Lines from the one holding "111 Lamar Street Property Photo 17" through the end of the entries, inclusive, form the whole output; reproduce them exactly and omit pictures.

┌──

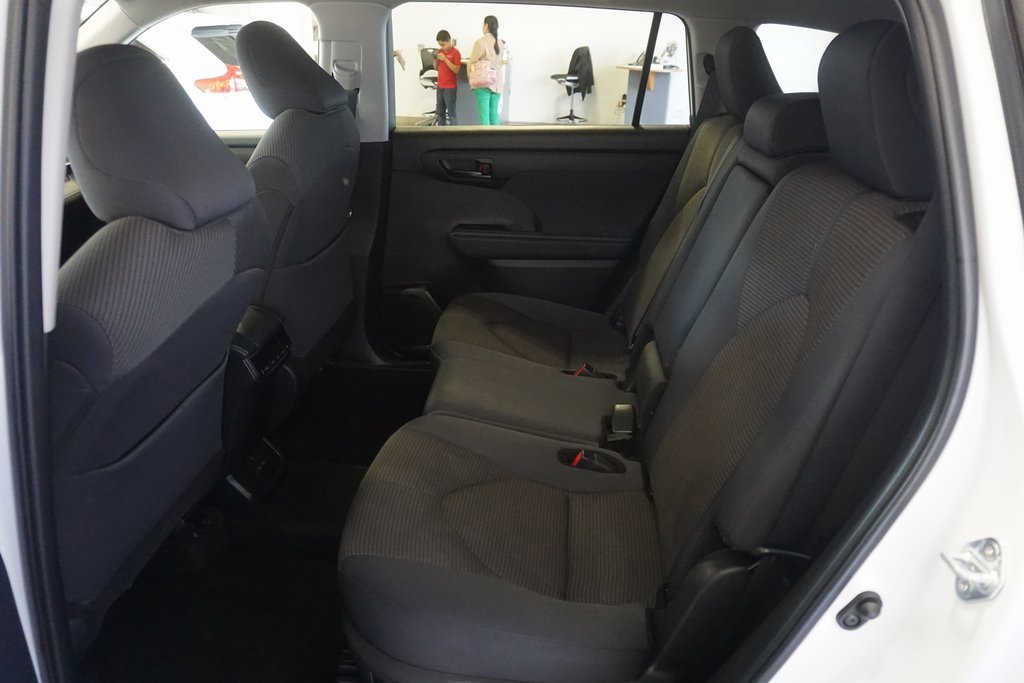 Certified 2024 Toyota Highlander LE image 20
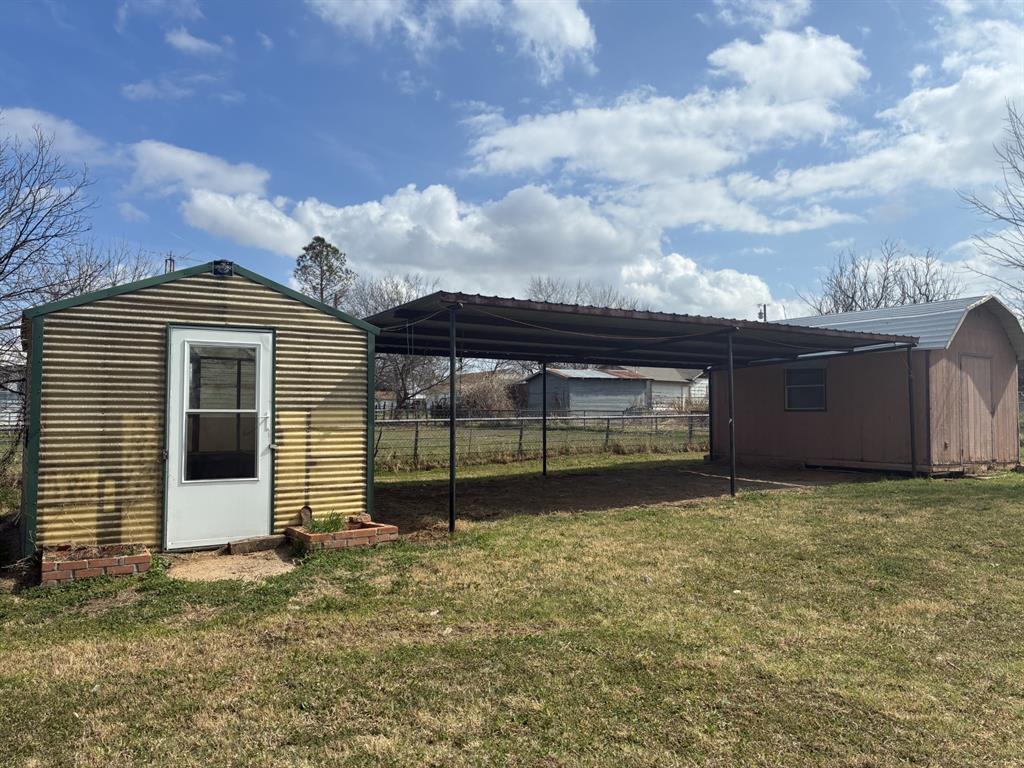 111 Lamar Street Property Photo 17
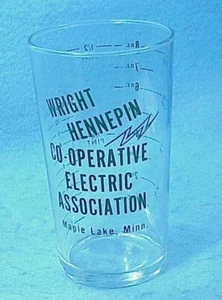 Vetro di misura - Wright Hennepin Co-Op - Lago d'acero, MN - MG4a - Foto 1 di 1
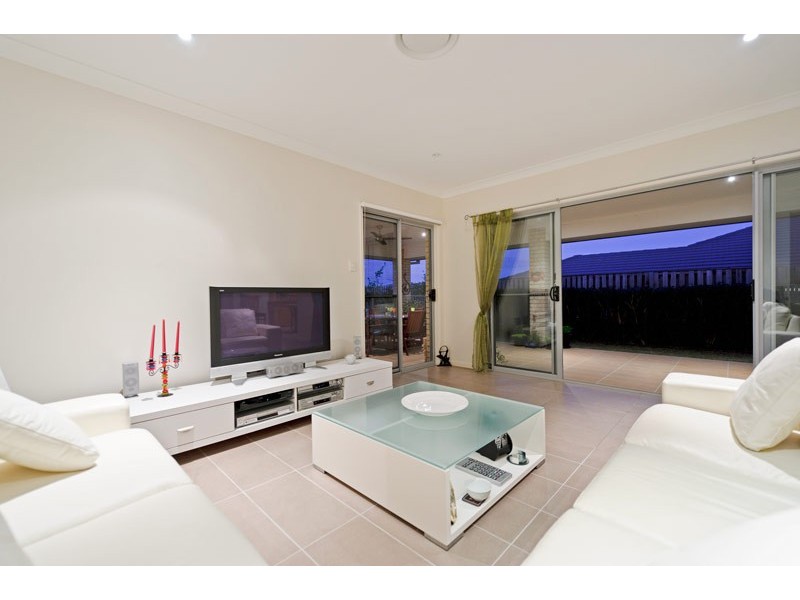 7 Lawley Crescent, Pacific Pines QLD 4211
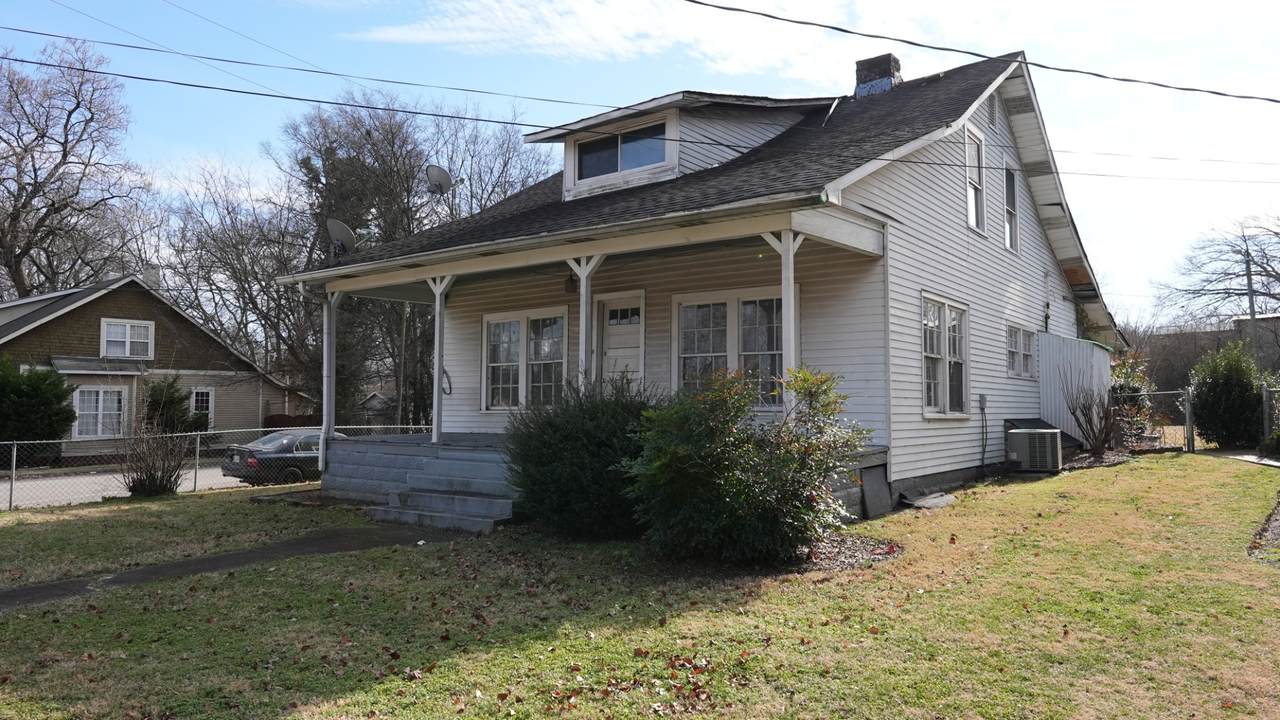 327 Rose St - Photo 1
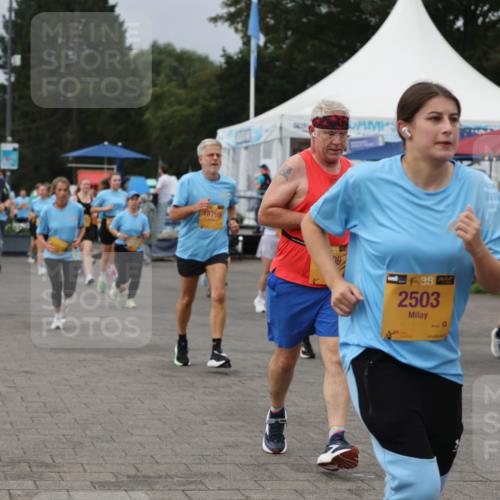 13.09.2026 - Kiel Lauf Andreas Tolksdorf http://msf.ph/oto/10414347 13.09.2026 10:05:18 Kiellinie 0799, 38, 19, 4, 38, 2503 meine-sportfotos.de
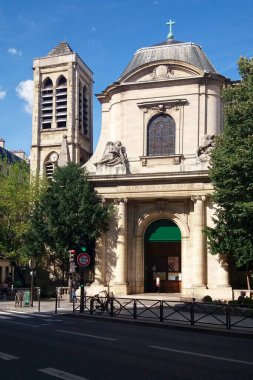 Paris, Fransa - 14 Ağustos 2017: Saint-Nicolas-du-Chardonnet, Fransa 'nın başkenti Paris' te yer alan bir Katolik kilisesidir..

└──

**Task solution:**
 111 Lamar Street Property Photo 17
 Vetro di misura - Wright Hennepin Co-Op - Lago d'acero, MN - MG4a - Foto 1 di 1
 7 Lawley Crescent, Pacific Pines QLD 4211
 327 Rose St - Photo 1
 13.09.2026 - Kiel Lauf Andreas Tolksdorf http://msf.ph/oto/10414347 13.09.2026 10:05:18 Kiellinie 0799, 38, 19, 4, 38, 2503 meine-sportfotos.de
 Paris, Fransa - 14 Ağustos 2017: Saint-Nicolas-du-Chardonnet, Fransa 'nın başkenti Paris' te yer alan bir Katolik kilisesidir..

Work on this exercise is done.